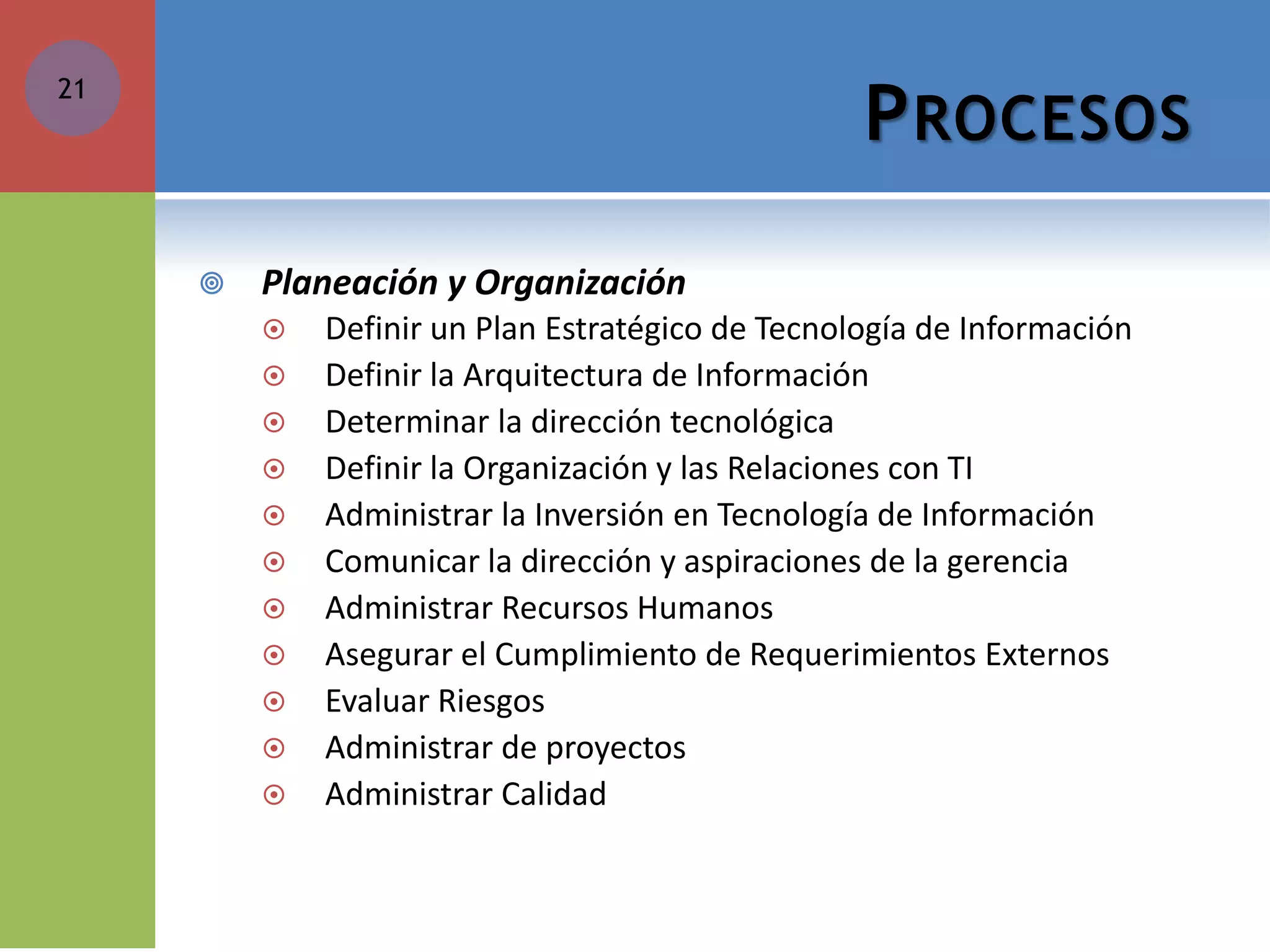 PROCESOS 
Planeación y Organización 
Definir un Plan Estratégico de Tecnología de Información 
Definir la Arquitectura de Información 
Determinar la dirección tecnológica 
Definir la Organización y las Relaciones con TI 
Administrar la Inversión en Tecnología de Información 
Comunicar la dirección y aspiraciones de la gerencia 
Administrar Recursos Humanos 
Asegurar el Cumplimiento de Requerimientos Externos 
Evaluar Riesgos 
Administrar de proyectos 
Administrar Calidad 
21  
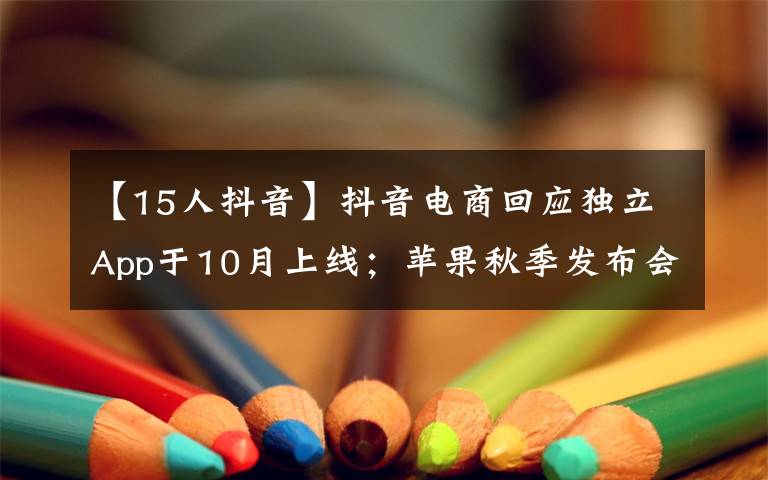 【15人抖音】抖音电商回应独立App于10月上线；苹果秋季发布会上线AR邀请函；OpenSSL 3.0 正式发布｜极客头条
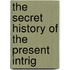 The Secret History Of The Present Intrig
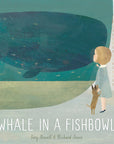 Whale in a Fishbowl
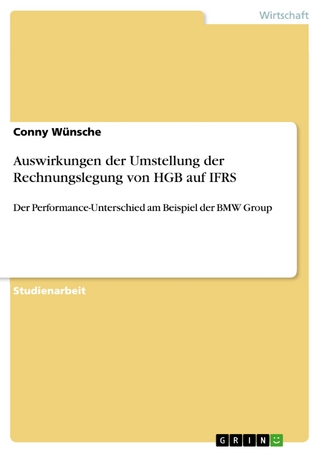 Auswirkungen der Umstellung der Rechnungslegung von HGB auf IFRS - Conny Wünsche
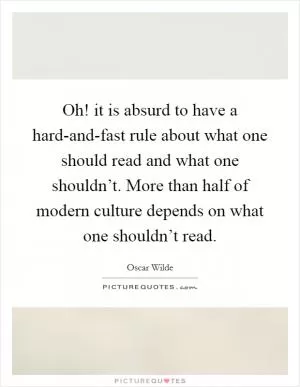 Oh! it is absurd to have a hard-and-fast rule about what one should read and what one shouldn’t. More than half of modern culture depends on what one shouldn’t read Picture Quote #1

****************

▸ **YOUR ASSIGNMENT**
Retype precisely, and only, the lines from the one holding "The Secret History Of The Present Intrig" through the final line of the data above, with the pictures omitted.

▸ **ANSWER BOX**
 The Secret History Of The Present Intrig
 Whale in a Fishbowl
 Auswirkungen der Umstellung der Rechnungslegung von HGB auf IFRS - Conny Wünsche
 Oh! it is absurd to have a hard-and-fast rule about what one should read and what one shouldn’t. More than half of modern culture depends on what one shouldn’t read Picture Quote #1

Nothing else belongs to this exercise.